The PLFS 2017-18 says 39.2% of urban males and 34.7% of urban females are self-employed. Taking the ratio of male to female employment at 70:30, the self-employed would be 37.7%. This works out to be 91.4 million.

The self-employed include both the privileged professionals like doctors, lawyers, chartered accountants and the underprivileged like petty traders, tailors, barbers, construction workers, rickshaw/auto/Ola/Uber drivers and many others. According to PC Mohanan, former chairman of the National Statistical Commission (NSC), one can assume that about 50% of the self-employed are underprivileged and vulnerable. Thus, the self-employed underprivileged in non-agricultural sectors could be 45.7 million.

How many are regular wage earners and daily wagers in informal non-agricultural sectors?

Deduction of 91.4 million of self-employed from the 242.6 million in the informal non-agricultural sectors would leave 150.6 million of regular wage earners and daily wagers. They are the vulnerable ones.

That is because most of the establishments are closed and hence it is more likely that regular wage earners in the MSME sector would have lost their jobs too. This is clear from several newspaper reports in the past few days in which various MSME associations point to a collapse of economic activities and seek government assistance package to ride over the crisis. This crisis may have been aggravated by the coronavirus fear but has been long in the making as the economy went into a tailspin.

Taken together, the number of vulnerable workers in India's informal sector would then work out to be 308.3 million (112 million of the landless agricultural labourers, plus 45.7 million underprivileged self-employed in informal non-agricultural sectors, plus 150.6 million regular wage earners and daily wagers in informal non-agricultural sectors).

Migrant workers are the 'most vulnerable'

These 308.3 million would include about 9 million inter-state migrant workers (calculation of the Economic Survey of 2016-17, based on the Railways' passenger data).

Mohanan says they are the most vulnerable of all daily wage workers. Many have gone back to their home states and many others are stranded across the country without work or support.

Also Read: Coronavirus: IT industry seeks help for vulnerable sections, deferred loan repayments for affected sectors

What central government could do

While several state governments like Kerala, Delhi, Odisha, Bihar, Rajasthan and Uttar Pradesh have taken several measures on their own but given their tight fiscal conditions and the magnitude of the problem, the Centre needs to step in.

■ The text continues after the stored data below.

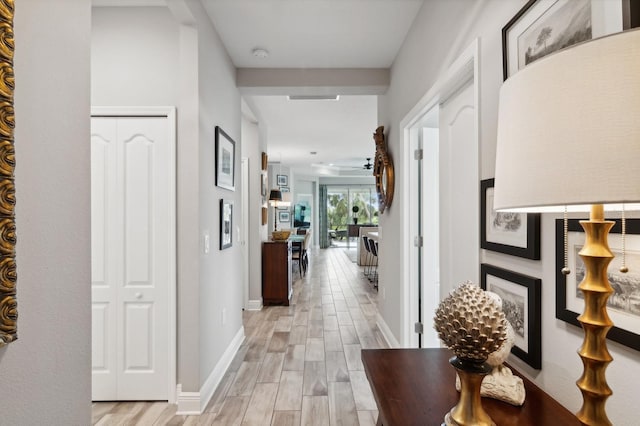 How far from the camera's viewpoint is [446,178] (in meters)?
2.20

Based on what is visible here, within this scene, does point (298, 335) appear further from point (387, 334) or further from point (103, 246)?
point (103, 246)

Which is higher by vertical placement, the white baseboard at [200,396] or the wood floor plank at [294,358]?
the white baseboard at [200,396]

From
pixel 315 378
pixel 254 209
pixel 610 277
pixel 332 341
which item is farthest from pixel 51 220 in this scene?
pixel 254 209

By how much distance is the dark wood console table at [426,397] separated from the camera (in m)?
0.92

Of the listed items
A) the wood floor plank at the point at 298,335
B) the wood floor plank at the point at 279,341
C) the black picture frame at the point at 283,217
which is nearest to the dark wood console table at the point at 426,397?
the wood floor plank at the point at 279,341

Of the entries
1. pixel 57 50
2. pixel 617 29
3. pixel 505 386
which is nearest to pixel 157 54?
pixel 57 50

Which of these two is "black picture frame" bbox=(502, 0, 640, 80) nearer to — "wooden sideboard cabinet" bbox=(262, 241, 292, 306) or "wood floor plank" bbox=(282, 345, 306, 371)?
"wood floor plank" bbox=(282, 345, 306, 371)

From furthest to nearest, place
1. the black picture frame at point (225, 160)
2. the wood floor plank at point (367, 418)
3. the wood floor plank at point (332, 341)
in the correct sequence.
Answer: the wood floor plank at point (332, 341) < the black picture frame at point (225, 160) < the wood floor plank at point (367, 418)

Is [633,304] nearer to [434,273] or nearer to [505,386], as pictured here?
[505,386]

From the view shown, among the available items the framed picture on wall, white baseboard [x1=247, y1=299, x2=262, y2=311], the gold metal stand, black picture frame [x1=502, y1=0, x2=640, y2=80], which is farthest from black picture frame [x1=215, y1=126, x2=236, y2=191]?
the framed picture on wall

So far the Centre has focused on providing relief to the industry. For the vulnerable population, Finance Minister Nirmala Sitharaman tweeted on March 23 that the central government "has agreed to the Food and Public Distribution Department's proposal that food grain for 3 months can be lifted by states/UTs on credit from FCI".

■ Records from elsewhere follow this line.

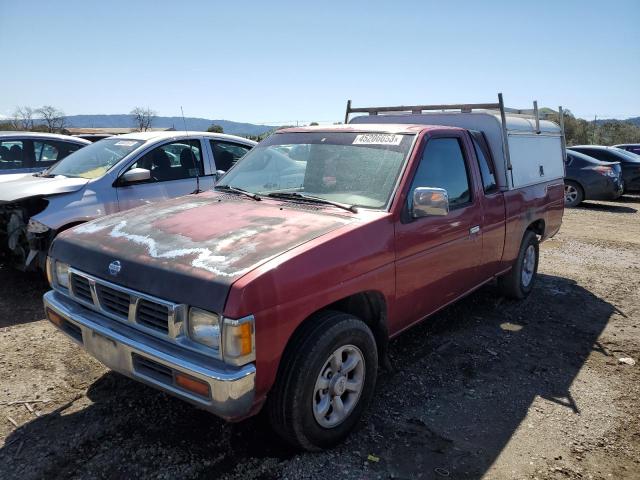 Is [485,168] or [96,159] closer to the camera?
[485,168]

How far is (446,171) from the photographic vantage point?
3.89 meters

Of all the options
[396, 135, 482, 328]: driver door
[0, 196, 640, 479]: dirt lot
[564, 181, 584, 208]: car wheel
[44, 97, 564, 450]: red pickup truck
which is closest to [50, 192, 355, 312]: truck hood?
[44, 97, 564, 450]: red pickup truck

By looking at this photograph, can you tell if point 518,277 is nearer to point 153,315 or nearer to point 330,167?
point 330,167

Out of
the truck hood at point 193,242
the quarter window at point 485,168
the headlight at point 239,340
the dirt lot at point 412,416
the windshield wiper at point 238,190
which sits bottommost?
the dirt lot at point 412,416

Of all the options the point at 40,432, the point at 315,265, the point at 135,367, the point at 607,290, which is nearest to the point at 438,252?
the point at 315,265

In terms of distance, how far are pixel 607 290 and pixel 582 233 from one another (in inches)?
156

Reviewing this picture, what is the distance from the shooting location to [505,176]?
4.67 meters

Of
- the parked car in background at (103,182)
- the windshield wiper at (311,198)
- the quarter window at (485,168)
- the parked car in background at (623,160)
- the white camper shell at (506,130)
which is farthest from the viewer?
the parked car in background at (623,160)

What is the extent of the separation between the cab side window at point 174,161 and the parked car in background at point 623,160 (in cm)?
1217

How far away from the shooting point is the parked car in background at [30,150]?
732cm

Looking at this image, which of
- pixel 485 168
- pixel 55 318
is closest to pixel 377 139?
pixel 485 168

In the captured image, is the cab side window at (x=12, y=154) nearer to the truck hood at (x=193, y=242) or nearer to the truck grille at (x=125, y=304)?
the truck hood at (x=193, y=242)

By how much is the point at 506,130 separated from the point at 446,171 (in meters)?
1.21

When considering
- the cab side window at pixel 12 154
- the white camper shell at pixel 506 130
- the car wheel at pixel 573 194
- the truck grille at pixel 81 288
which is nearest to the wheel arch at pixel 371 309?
the truck grille at pixel 81 288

Mohanan suggests two measures for at least next two months: (a) free PDS supply to all who demand it (he says Kerala is giving it free to both BPL and APL families) and (b) targeted cash transfers to wage labourers, particularly the migrants, for their survival as well as boosting demand in the economy.

Prof KR Shyam Sundar, labour economist at the Jamshedpur's XLRI, also bats for a temporary direct cash transfer programme for the vulnerable segments of the workforce, in addition to a host of other measures that include food support, safety gears and hardship allowances to those essential services and other social support.

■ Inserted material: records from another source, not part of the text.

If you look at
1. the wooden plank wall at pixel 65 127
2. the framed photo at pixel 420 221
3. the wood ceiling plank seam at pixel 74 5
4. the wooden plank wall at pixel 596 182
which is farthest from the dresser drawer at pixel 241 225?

Chandan Kumar, trade union leader and a member of the National Minimum Wage Advisory Board of the Government of India, warns that unless PDS supplies are ensured immediately, there could be starvation deaths. He also appeals for at least a month's minimum wage or Rs 10,000 to the poor through their Jan-Dhan accounts. Moreover, he says, it is very important to provide homeless and slum dwellers in urban and peri-urban areas with basic healthcare immediately to prevent a potential disaster that a virus contamination can cause in such areas.